*** Block opens ***

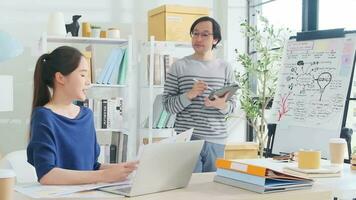 deux Jeune asiatique Commencez entreprise les partenaires discuter et idée de génie dans décontractée petit affaires bureau, commercialisation Planification emplois sur une ordinateur portable, et free-lance travail comme commerce électronique entrepreneur et collaborateur équipe. video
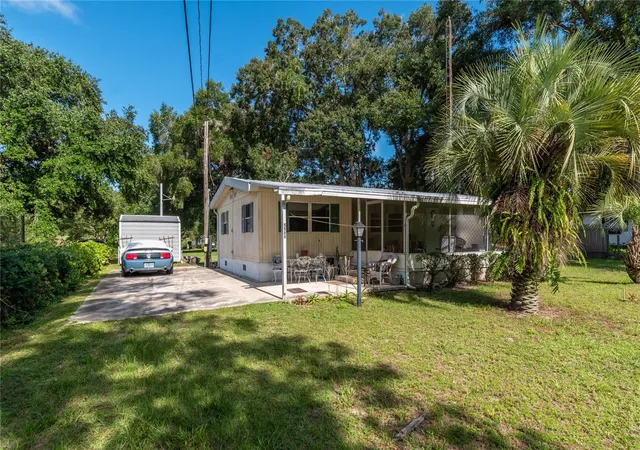 1st image of 5888 Se 164th Ave, Ocklawaha, FL 32179 | MLS# TB8524827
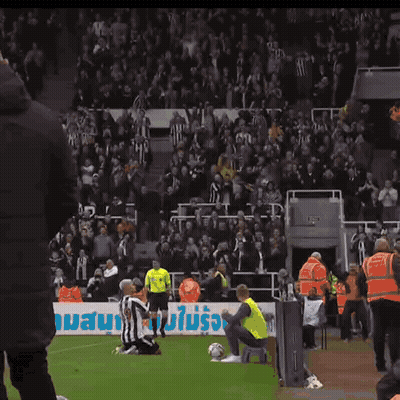 A Soccer Player Kneels On The Field In Front Of A Banner That Says ' Allianz ' GIF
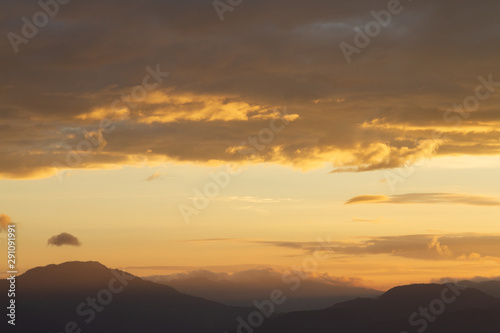 Silhouette of Mountain With Fluffy Clouds during Sunrise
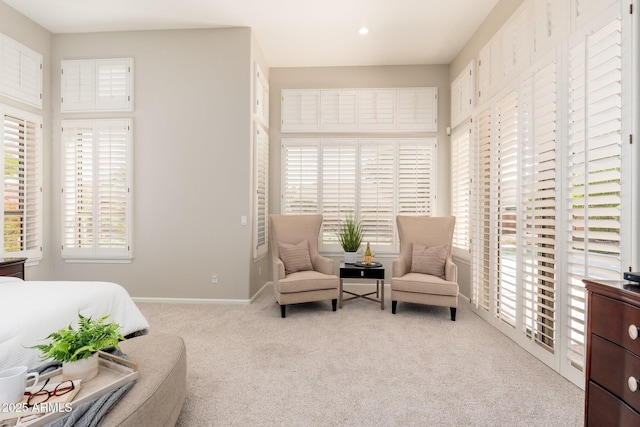bedroom featuring recessed lighting, baseboards, multiple windows, and carpet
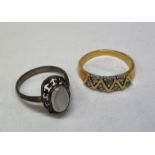 UNMARKED YELLOW METAL CHANNEL SET RING AND A SILVER MOON STONE RING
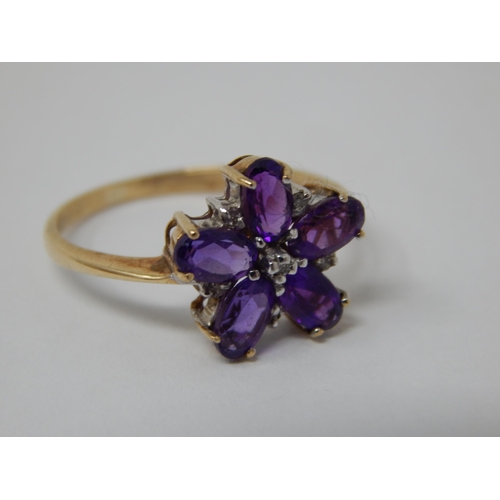 440 - 9ct Yellow Gold Amethyst & Diamond Flower Head Ring: Size K/L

*** Block closes ***

Brief:
Could the entries above be copied out exactly, with no pictures included?

Answer space:
 deux Jeune asiatique Commencez entreprise les partenaires discuter et idée de génie dans décontractée petit affaires bureau, commercialisation Planification emplois sur une ordinateur portable, et free-lance travail comme commerce électronique entrepreneur et collaborateur équipe. video
 1st image of 5888 Se 164th Ave, Ocklawaha, FL 32179 | MLS# TB8524827
 A Soccer Player Kneels On The Field In Front Of A Banner That Says ' Allianz ' GIF
 Silhouette of Mountain With Fluffy Clouds during Sunrise
bedroom featuring recessed lighting, baseboards, multiple windows, and carpet
 UNMARKED YELLOW METAL CHANNEL SET RING AND A SILVER MOON STONE RING
 440 - 9ct Yellow Gold Amethyst & Diamond Flower Head Ring: Size K/L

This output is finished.